By Jen Kinney.

Just a few blocks separate San Francisco’s Civic Plaza from the restaurants and entertainment in Little Saigon, but as it is today, the route along Larkin Street isn’t very inviting. The stretch is pocked with blank walls and dark at night. It’s also a common gathering place for homeless men and women, and has garnered a perception of being unsafe. The space is in between and indeterminate too, part of the Tenderloin neighborhood, but with spillover businesses from Little Saigon, and newly trafficked by techies from the software companies that have relocated up the street.

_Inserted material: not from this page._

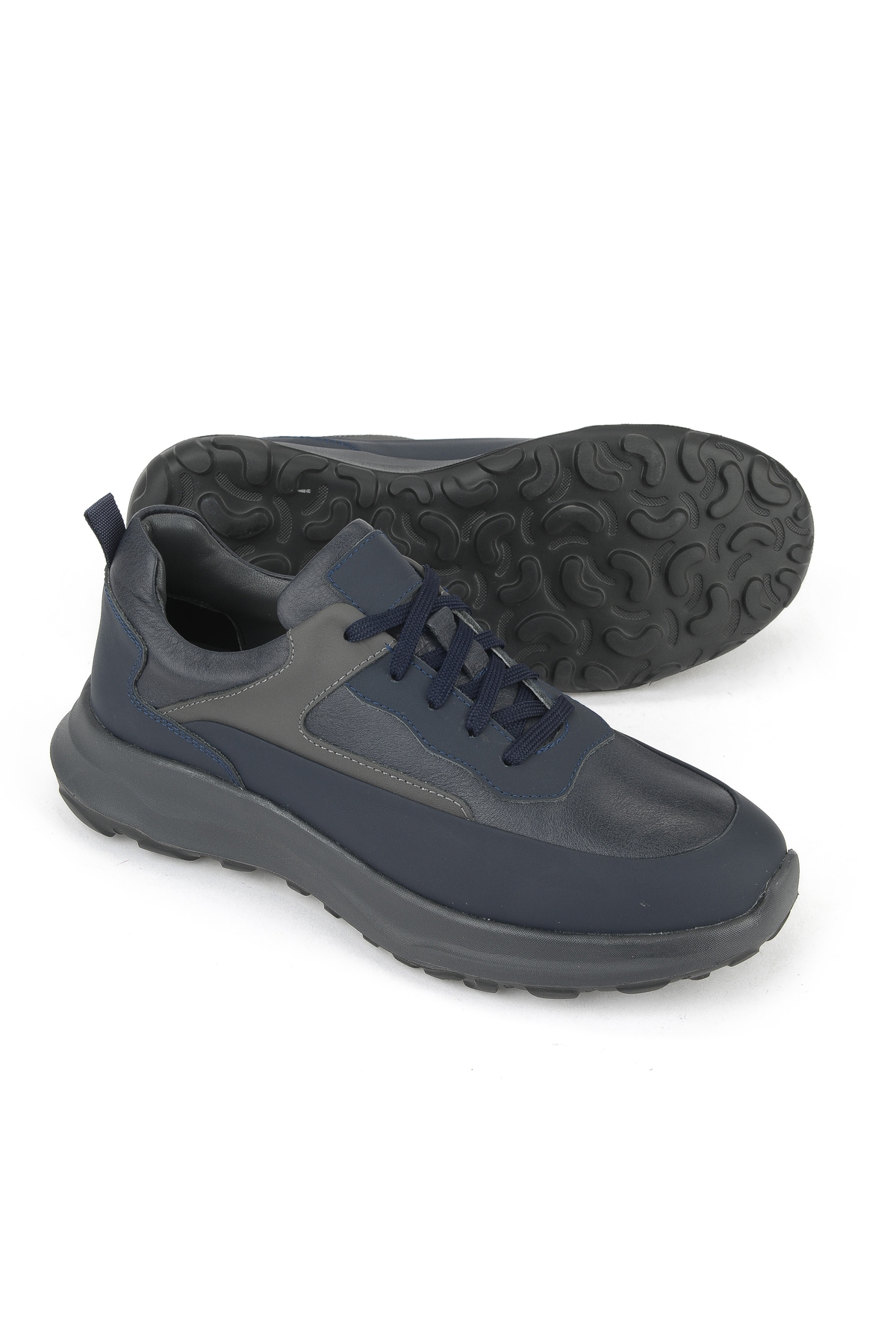 Erkek Hakiki Deri Sneaker 153983Z907 Lacivert - Görsel 5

In a bid to repair the severed connection, the Tenderloin Community Benefit District worked with nonprofit Our City to solicit design proposals for light-based art on Larkin Street. The winning design, a series of light installations that change color in response to sound and appear as a coherent symbol only from a certain perspective, was announced this week.

“The challenge was to try to help create a culture because [Larkin Street] doesn’t already have a particularly cohesive one, and to get people to actually spend time there, and to voluntarily traverse the corridor,” says Annie Atura, a member of winning team Synesthesia. Their original design was inspired by two primary facets of life on Larkin Street: the Tenderloin’s noisiness, and the inescapability of urban sound for people living outside. Of all the city’s neighborhoods, the Tenderloin receives some of the highest rates of noise complaints.

“I was interested in trying to transform noise from a nuisance into something productive and interesting,” says Atura. “And I was also interested in using the lighting to break down the barriers between interiors and exteriors. If you’re driving through the area or walking as quickly as possible, how can we use light to shatter the boundary, real or imagined, between you and the people outside?”